Where can you get a three-star experience at one-star prices? Which hot new restaurant merits the scorching hype?
The answer to all these questions and more can be found Tuesdays at 11 a.m. on Kliman Online. From scoping out scruffy holes in the wall to weighing the merits of four-star wanna-bes, from scouring the 'burbs and exurbs to hitting the city's streets, Todd Kliman covers a lot of territory.
Did you know you can now write your own restaurant reviews on Washingtonian.com? Read here to find out how.

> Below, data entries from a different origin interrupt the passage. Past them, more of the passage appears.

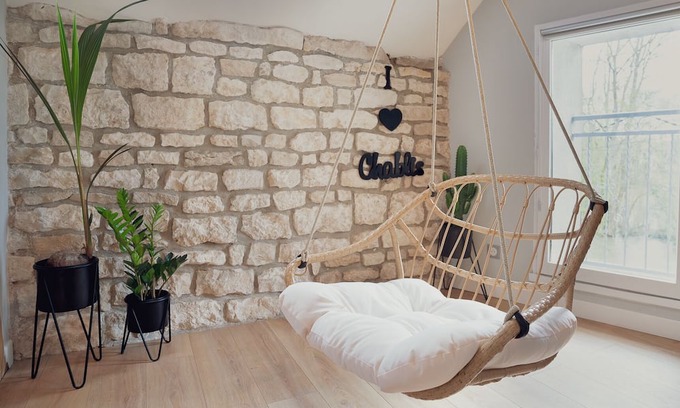Chablis Cottage | Maisons Vaudésir - Charming Riverside Getaway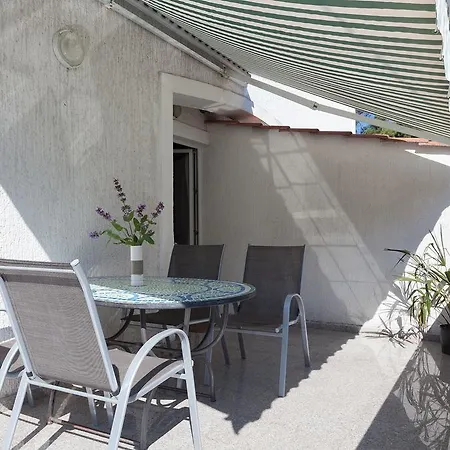 Apartment Pejnovic *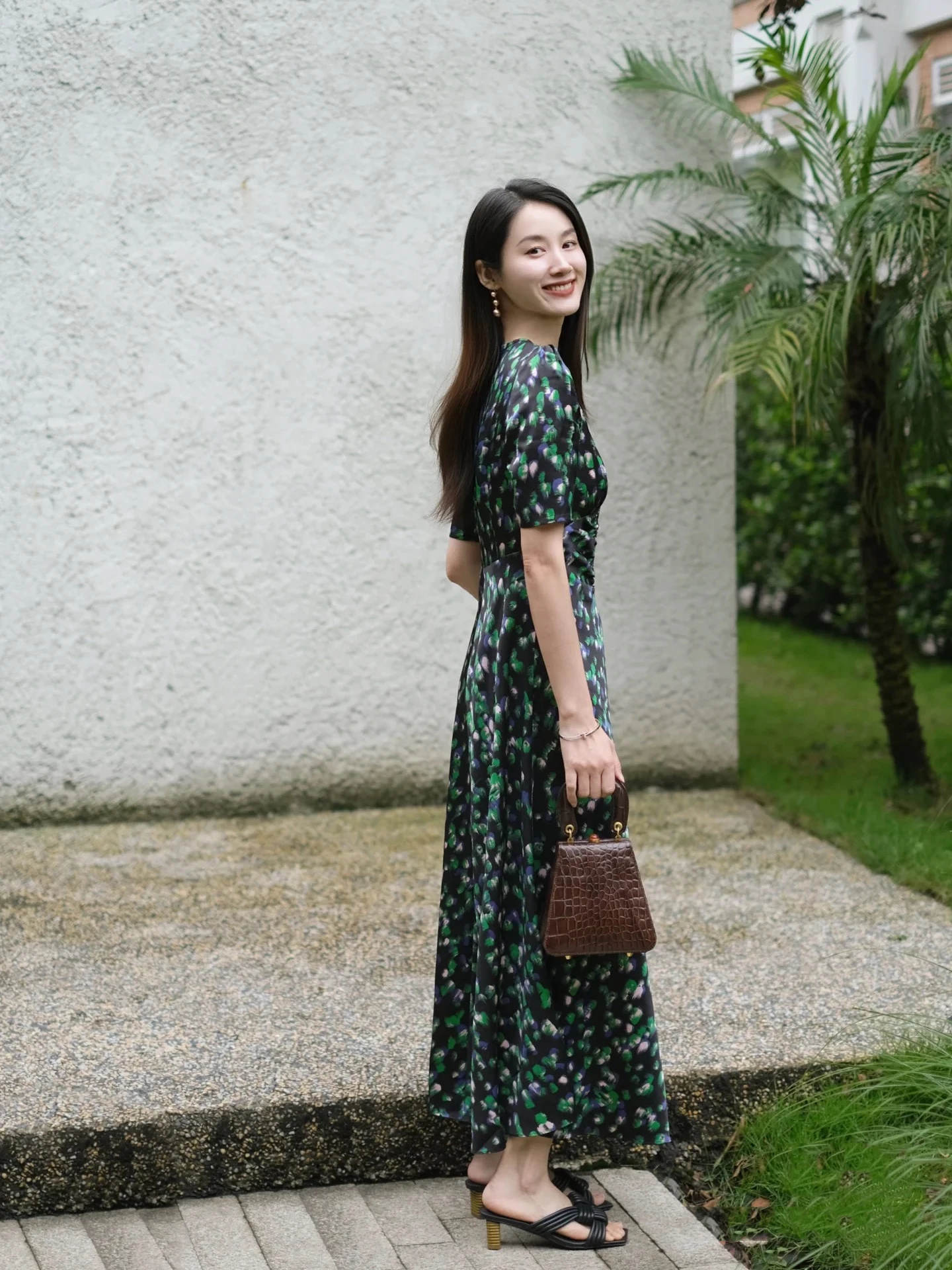 Шелковое атласное платье средней длины с V-образным вырезом и принтом UK 8-UK 14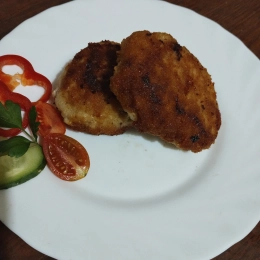 Mielony kotlet wieprzowy lub z kurczaka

Read the transcript from June 29th.
TK's 25: Where I'd Spend My Own Money
Afghan Famous Kabob, Gainesville
Bistro Bis, DC
Black Market Bistro, Garrett Park
Bluegrass Tavern, Baltimore
Cantler's Riverside Inn, Annapolis
Gom Ba Woo, Annandale
J&G Steakhouse, DC
Jackie's, Silver Spring
Jesse Wong's Asean Bistro, Columbia
La Limeña, Rockville
Palena Cafe, DC
Poste Brasserie, DC
Ray's the Classics Bar, Silver Spring
Silver Diner, Greenbelt
Taqueria La Placita, Riverdale
Zentan Sushi Bar, DC
To the poster headed to the Eastern Shore – my grandmother lived in Easton all my life up until a couple years ago when she had to move to VA to be closer to family due to health issues.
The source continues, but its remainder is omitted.